What are we trying to save here? Why not just being explicit:

if (uptr shadow_offset_left = t->GetStackFrameVariableBeginning(left)) {
  uptr shadow_offset_right = t->GetStackFrameVariableBeginning(right);
  return shadow_offset_right == 0 || shadow_offset_left != shadow_offset_right;
}
332

I wonder why "right - 1"?

lib/asan/asan_thread.cc
369

It returns a pointer to one of the redzones, not to the variable beginning (as the function name suggests), right?

lib/asan/asan_thread.h
93

Returns a pointer to the start of the stack variable's shadow memory.

94

GetStackVariableShadowStart

marxin updated this revision to Diff 123746.Nov 21 2017, 2:36 AM

Updated according to provided review.
Unfortunately I'm leaving for holidays tomorrow. @jakubjelinek will fix notes if there will be any.

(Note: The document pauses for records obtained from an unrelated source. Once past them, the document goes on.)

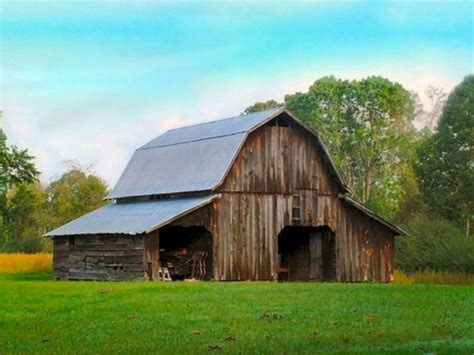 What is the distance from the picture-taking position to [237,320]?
21984 millimetres

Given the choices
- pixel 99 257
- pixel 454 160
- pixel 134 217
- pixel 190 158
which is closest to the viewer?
pixel 99 257

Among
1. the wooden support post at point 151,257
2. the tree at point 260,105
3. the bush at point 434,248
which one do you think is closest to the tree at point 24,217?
the tree at point 260,105

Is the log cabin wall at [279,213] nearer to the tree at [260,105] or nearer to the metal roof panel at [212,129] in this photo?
the metal roof panel at [212,129]

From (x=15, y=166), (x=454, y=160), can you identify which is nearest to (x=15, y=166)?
(x=15, y=166)

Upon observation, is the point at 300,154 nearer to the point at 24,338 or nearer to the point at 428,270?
the point at 428,270

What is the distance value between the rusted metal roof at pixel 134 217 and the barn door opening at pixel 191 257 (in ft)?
4.22

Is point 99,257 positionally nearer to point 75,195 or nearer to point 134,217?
point 134,217

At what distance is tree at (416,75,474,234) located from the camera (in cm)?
6675

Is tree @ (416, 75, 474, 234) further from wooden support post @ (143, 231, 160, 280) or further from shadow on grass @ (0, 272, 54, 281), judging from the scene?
wooden support post @ (143, 231, 160, 280)

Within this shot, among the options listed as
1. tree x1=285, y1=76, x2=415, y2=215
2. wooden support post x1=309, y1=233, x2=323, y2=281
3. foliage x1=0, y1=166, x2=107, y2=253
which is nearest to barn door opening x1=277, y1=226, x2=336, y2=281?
wooden support post x1=309, y1=233, x2=323, y2=281

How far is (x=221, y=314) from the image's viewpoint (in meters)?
23.4

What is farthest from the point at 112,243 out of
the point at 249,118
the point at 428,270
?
the point at 428,270

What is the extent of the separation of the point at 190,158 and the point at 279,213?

marxin marked 8 inline comments as done.Nov 21 2017, 2:37 AM
marxin marked an inline comment as done.Nov 21 2017, 2:39 AM
marxin added inline comments.
lib/asan/asan_report.cc
332

Because it's possible to have a valid pointer comparison of a pointer that points right after a valid location.
In case of global variables, for a pointer pointing right after a variable, I want to have it listed in GlobalAddressDescription.
I added test-case for that:

+ bar(&global[0], &global[10000]);

alekseyshl added inline comments.Nov 21 2017, 2:01 PM
lib/asan/asan_report.cc
340

Change it to // style comment.

lib/asan/asan_thread.cc
369

That was a question, actually. This function does not what its name suggests. At least, acknowledge it in the comment and explain why it is ok.

lib/asan/asan_thread.h
93

It's marked as done, but I do not see the change.

test/asan/TestCases/invalid-pointer-pairs-compare-errors.cc
18

int main() {

101

free(heap1);

test/asan/TestCases/invalid-pointer-pairs-subtract-errors.cc
45

free(heap1);
free(heap2);

test/asan/TestCases/invalid-pointer-pairs-subtract-success.cc
28

In all the tests, change /* */ comments to //

test/asan/TestCases/invalid-pointer-pairs-threads.cc
8

This test should be in test/asan/TestCases/Posix/

34

This and sleep in threads, use synchronization instead (for example, two barriers of count 3, barrier_assign and barrier_check, wait for _assign here and wait for _check after the pointer check).

That will be less flaky, not racy and much faster than 1 second.

Phabriactor doesn't allow me to update this patch, so I've uploaded it to D40600 instead. If you have a way to update the diff here, please do.

lib/asan/asan_descriptions.h
152

The comment also has a "inside a same" when it should be "inside the same".

D40600 is committed, I guess, we can abandon this one now.

marxin abandoned this revision.Mar 14 2018, 1:49 AM
marxin marked an inline comment as done.